Long Beach police Chief Jim McDonnell faces former Undersheriff Paul Tanaka in the November election to select the county's top lawman

Long Beach police Chief Jim McDonnell fell just short of the number of votes needed in Tuesday's primary election to avoid a November runoff, setting up a November contest against former Undersheriff Paul Tanaka to determine who will be Los Angeles County's next sheriff.

McDonnell was the lone outsider in the seven-candidate primary field. Under California's open primary rules, the top two vote-getters advance to a November runoff if no candidate receives the required number of votes to win outright.

McDonnell garnered 49 percent (264,104) of the vote, Tanaka (79,189) was second with 15 percent of the vote.
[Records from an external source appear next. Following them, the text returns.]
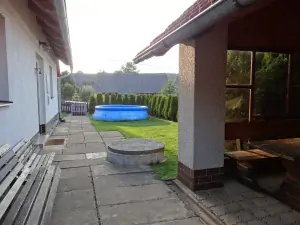pohled od zahradního domečku k bazénu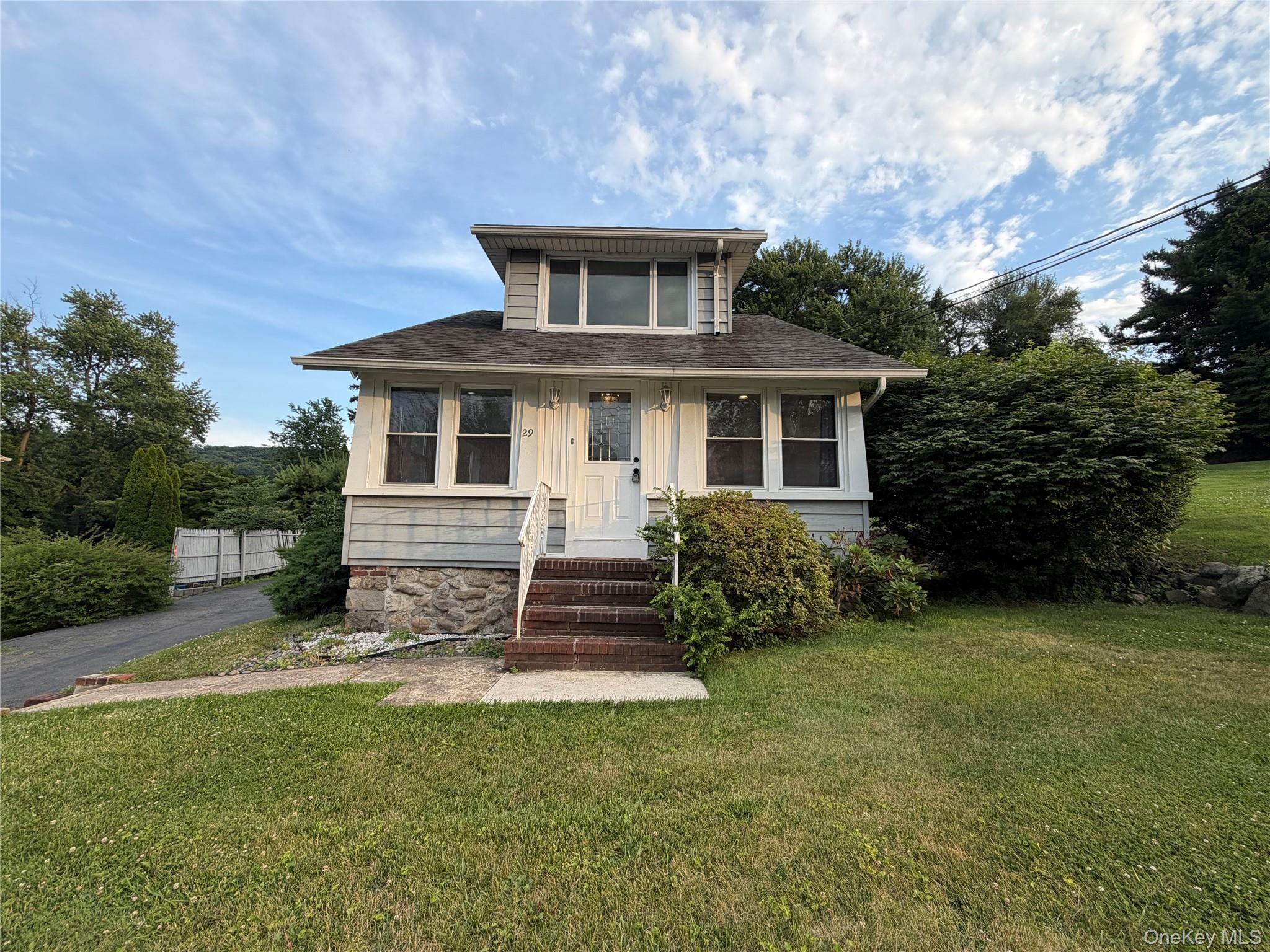 29 Ramapo Road Garnerville, NY 10923 - Photo 2 of 20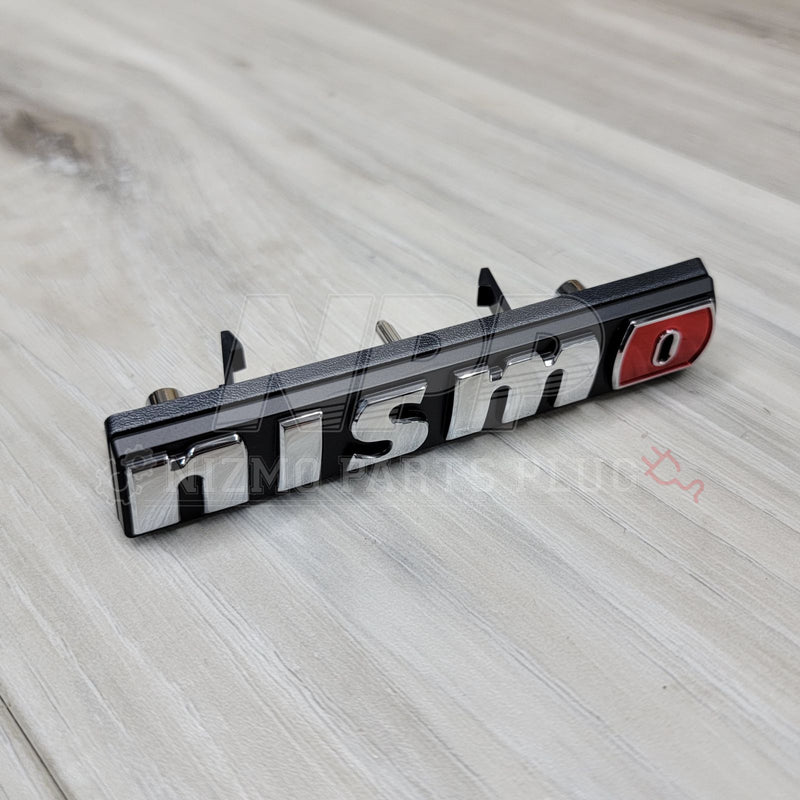 Cargue la imagen en el visor de la galería, Emblema de parrilla "NISMO" del Nissan R35 GT-R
The winner will take on the job of reforming the Los Angeles County Sheriff's  Department, which has been under fire over the management of the jail system and faced federal indictments, after the retirement of Sheriff Lee Baca. At an election-night party Tuesday, McDonnell compared stepping into the  role of sheriff to a corporate turnaround in which new management is  recruited from outside the company.

"They don't reach down into the organization to replace the CEO," McDonnell told NBC4.

McDonnell was endorsed by Los Angeles County District Attorney Jackie  Lacey, LAPD Chief Charlie Beck, L.A. City Attorney Mike Feuer and California  Attorney General Kamala Harris. He also has the backing of four of the five  county supervisors who control the department's budget: Michael Antonovich,  Gloria Molina, Zev Yaroslavsky and Don Knabe, who appointed McDonnell to serve  on the Citizens' Commission on Jail Violence in 2011.

Tanaka, who is the mayor of Gardena, spent more than 30 years in the Sheriff's Department and was second-in-command to Baca. He was blamed by the  Citizens' Commission in a 2012 report for promoting an environment in which  aggressive deputies went undisciplined for violence against inmates.

Tanaka (pictured, right) has called the commission's  findings an attack on his character and said its sources lied to prevent Tanaka  from becoming sheriff. He also positioned himself as a reformer during the campaign.

"If I'm the top cop in Los Angeles County, things would be a lot different," Tanaka said Tuesday night. "The orders I give would be clear, consistent and sensible. People would be held accountable."

When a federal prosecutor confirmed in late May that Tanaka was the  subject of an ongoing federal probe, some of his rivals called on him to step  out of the race. Tanaka refused, saying he'd leave the choice to voters.

Tanaka retired from his post in 2013.

Baca, a four-term sheriff, retired in January while under fire for  deputy-on-inmate violence in county jails and charges of corruption within his  department. Eighteen sheriff's deputies were indicted in an ongoing federal  investigation that has implicated at least two additional deputies to date.

Interim Sheriff John Scott will head the department until December.

Assistant Sheriffs Todd Rogers and James Hellmold, LAPD Senior Detective  Supervisor Lou Vince, retired sheriff's Cmdr. Bob Olmsted and retired  sheriff's Lt. Patrick Gomez split the balance of the votes.